Pada 5 Desember 2017, Rapat Paripurna DPR menyetujui 50 Rancangan Undang-Undang yang masuk dalam Program Legislasi Nasional (Prolegnas) prioritas 2018, terdiri dari 31 RUU usulan DPR, 16 RUU usulan pemerintah, dan tiga RUU usulan DPD.

Supratman Andi Agtas, Ketua Badan Legislasi (Baleg) DPR RI dalam Rapat Paripurna menyatakan bahwa dari 50 RUU yang masuk Prolegnas 2018, 47 di antaranya adalah limpahan dari Prolegnas 2017. “Dari 50 RUU tersebut, 31 RUU diusulkan DPR, 16 diusulkan pemerintah, dan tiga RUU diusulkan DPD,” ujar Supratman.

Salah satu dari 50 RUU tadi adalah RUU Perkelapasawitan yang menjadi inisiatif DPR. Wacana pembuatan UU yang khusus mengatur industri sawit mulai digaungkan semenjak 2015. Pembahasan serius RUU sawit antara pemerintah dan DPR berlangsung pada tahun lalu. Menteri Koordinator Bidang Perekonomian, Darmin  Nasution dalam rapat kerja dengan Badan Legislasi (Baleg) DPR menegaskan RUU perkelapasawitan  tidak dibutuhkan karena  tumpang tindih dengan regulasi lainnya.

Berdasarkan kajian pemerintah, dijelaskan Darmin, bahwa  RUU Perkelapasawitan tumpang tindih dengan  beberapa regulasi seperti UU Nomor 39 tahun 2014 tentang Perkebunan, UU Nomor 14 tahun 2014 tentang Perindustrian, UU Nomor 19 tahun 1999 tentang Perlindungan dan Pemberdayaan Petani.

Dukungan serupa datang dari Menteri  Kabinet Kerja Lainnya yaitu Airlangga Hartarto, Menteri Perindustrian. Menurutnya tidak perlu lagi RUU Perkelapasawitan dilanjutkan lantaran ada banyak kekurangan dari implementasi UU yang sudah ada.

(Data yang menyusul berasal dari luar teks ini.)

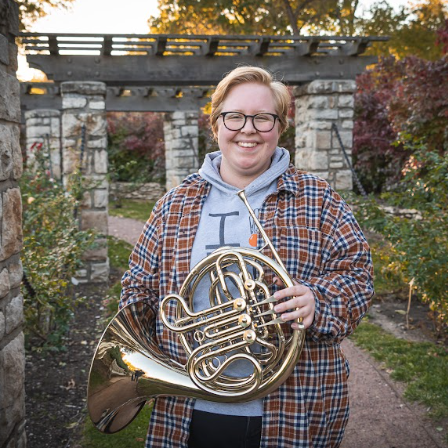 Beatrice standing outside and holding a french horn.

Penolakan pemerintah terhadap RUU Perkelapasawitan lantaran pengaruh Koalisi Masyarakat Sipil Pemerhati HAM dan Lingkungan Hidup. Koalisi LSM yang bersifat taktis ini mengirimkan surat pada 23 Mei 2017 kepada Presiden Joko Widodo. Isi surat mengenai permohonan penghentian pembahasan RUU Perkelapasawitan.

Menyikapi usulan Koalisi LSM tersebut, Menteri Sekretaris  Negara, Praktikno berkirim surat tertanggal 22 Juni 2017 ditujukan kepada Menteri Pertanian. Isi surat ini meneruskan usulan Koalisi LSM  supaya RUU Perkelapasawitan dihentikan pembahasannya.

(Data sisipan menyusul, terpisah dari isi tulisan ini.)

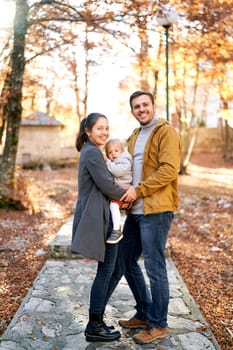 Smiling dad holding mom hand with a little girl in her arms while standing in an autumn park. High quality photo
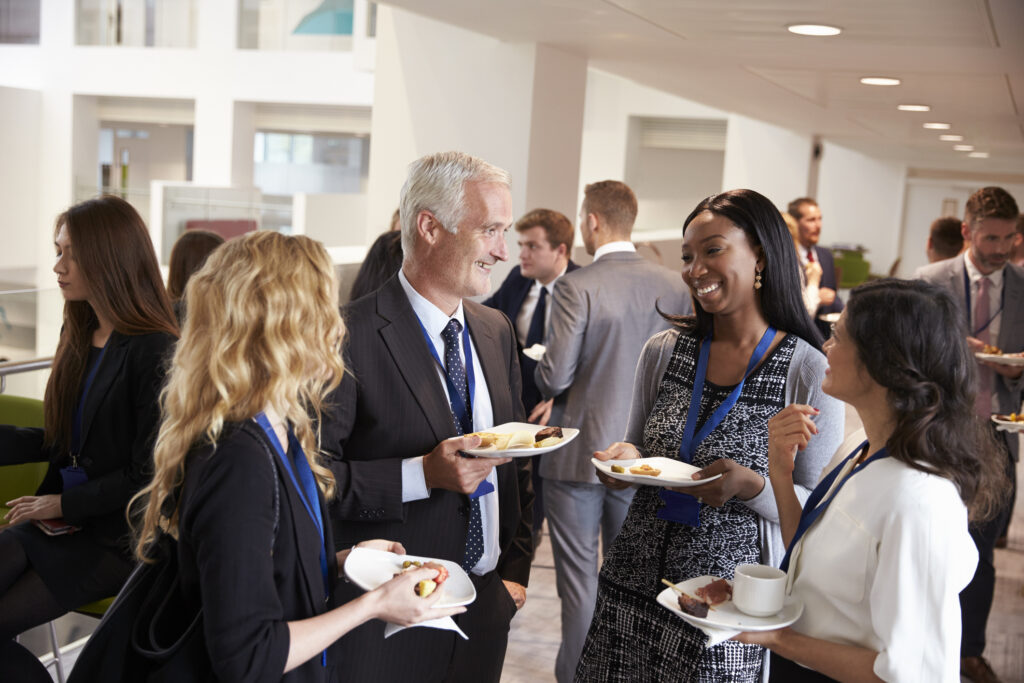 Group of real-estate professionals mingling over coffee and canapés at a conference reception, illustrating how informal networking builds valuable industry connections.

Firman Soebagyo, Anggota Komisi IV DPR, mengeluarkan pernyataan keras supaya pemerintah tidak tunduk kepada tekanan LSM. “Negara jangan mau diatur oleh LSM. Selama ini, ada upaya LSM untuk mematikan sawit sebagai komoditas strategis,” ujar Firman pada Juli tahun lalu.

Saat  itu, Firman berjanji  bahwa DPR tetap melanjutkan pembahasan RUU Perkelapasawitan kendati muncul tekanan dari LSM dan penolakan dari pemerintah. “Kalaupun pemerintah tidak sepakat seharusnya dilakukan pembahasan tingkat satu. Barulah DPR berdebat dengan pemerintah. Sebab, setiap UU itu punya naskah akademik dan draf RUU, berdasarkan aspirasi masyarakat.”

Janji ini dibuktikan dengan kembalinya RUU Perkelapasawitan dalam Prolegnas 2018. Firman Soebagyo menjelaskan bahwa masuknya RUU atas pertimbangan strategisnya komoditas sawit terhadap perekonomian nasional. “RUU sawit menjadi bagian penting dan strategis pembangunan ekonomi nasional. Tetapi belum ada regulasi kuat untuk mengatur komoditas ini,” jelas Firman.